+++ Task material +++

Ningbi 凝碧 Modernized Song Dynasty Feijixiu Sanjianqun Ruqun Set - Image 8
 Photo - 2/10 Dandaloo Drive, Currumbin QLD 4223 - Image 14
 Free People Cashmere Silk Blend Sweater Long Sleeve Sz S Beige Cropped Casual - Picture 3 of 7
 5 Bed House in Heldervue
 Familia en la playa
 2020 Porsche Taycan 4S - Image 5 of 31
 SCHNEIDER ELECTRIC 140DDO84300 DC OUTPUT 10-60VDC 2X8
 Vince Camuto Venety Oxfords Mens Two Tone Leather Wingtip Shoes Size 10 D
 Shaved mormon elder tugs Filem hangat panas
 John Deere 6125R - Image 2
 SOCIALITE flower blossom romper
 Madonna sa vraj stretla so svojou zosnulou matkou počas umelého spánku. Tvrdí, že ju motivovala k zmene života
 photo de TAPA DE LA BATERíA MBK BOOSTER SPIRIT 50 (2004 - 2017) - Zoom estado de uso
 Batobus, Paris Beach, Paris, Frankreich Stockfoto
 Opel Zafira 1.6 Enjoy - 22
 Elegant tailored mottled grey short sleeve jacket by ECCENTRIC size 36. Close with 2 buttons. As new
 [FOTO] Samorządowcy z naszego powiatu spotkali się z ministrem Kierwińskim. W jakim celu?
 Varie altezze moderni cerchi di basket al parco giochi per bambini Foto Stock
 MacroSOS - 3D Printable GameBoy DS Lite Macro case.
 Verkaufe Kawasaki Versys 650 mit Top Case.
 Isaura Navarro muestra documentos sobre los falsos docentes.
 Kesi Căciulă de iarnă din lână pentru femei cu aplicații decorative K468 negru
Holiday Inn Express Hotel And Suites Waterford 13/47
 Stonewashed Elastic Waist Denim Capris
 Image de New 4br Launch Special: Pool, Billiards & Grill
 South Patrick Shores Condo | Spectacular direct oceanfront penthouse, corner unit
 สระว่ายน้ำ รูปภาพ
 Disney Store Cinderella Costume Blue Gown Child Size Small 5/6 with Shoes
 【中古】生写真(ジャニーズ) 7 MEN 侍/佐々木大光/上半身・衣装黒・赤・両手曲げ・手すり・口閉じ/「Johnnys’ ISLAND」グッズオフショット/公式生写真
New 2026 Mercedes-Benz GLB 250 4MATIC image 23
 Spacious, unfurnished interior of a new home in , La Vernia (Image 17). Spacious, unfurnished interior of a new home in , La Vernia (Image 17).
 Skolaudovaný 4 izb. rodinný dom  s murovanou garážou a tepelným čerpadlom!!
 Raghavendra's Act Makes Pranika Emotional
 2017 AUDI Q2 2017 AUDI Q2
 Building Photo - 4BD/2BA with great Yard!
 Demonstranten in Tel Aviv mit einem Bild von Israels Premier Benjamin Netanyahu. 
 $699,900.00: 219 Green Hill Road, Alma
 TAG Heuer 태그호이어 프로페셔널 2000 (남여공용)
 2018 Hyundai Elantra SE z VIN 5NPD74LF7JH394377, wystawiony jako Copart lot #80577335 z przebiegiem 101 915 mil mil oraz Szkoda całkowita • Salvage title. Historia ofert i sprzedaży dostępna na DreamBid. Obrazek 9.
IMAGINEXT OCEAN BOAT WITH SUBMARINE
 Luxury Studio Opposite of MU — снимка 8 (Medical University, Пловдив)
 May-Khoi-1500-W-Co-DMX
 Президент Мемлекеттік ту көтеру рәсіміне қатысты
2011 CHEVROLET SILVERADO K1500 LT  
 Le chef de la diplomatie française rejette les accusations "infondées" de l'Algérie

+++

What to work on
From the records above, return each line that includes "Shoes".

Solution for this problem
 Vince Camuto Venety Oxfords Mens Two Tone Leather Wingtip Shoes Size 10 D
 Disney Store Cinderella Costume Blue Gown Child Size Small 5/6 with Shoes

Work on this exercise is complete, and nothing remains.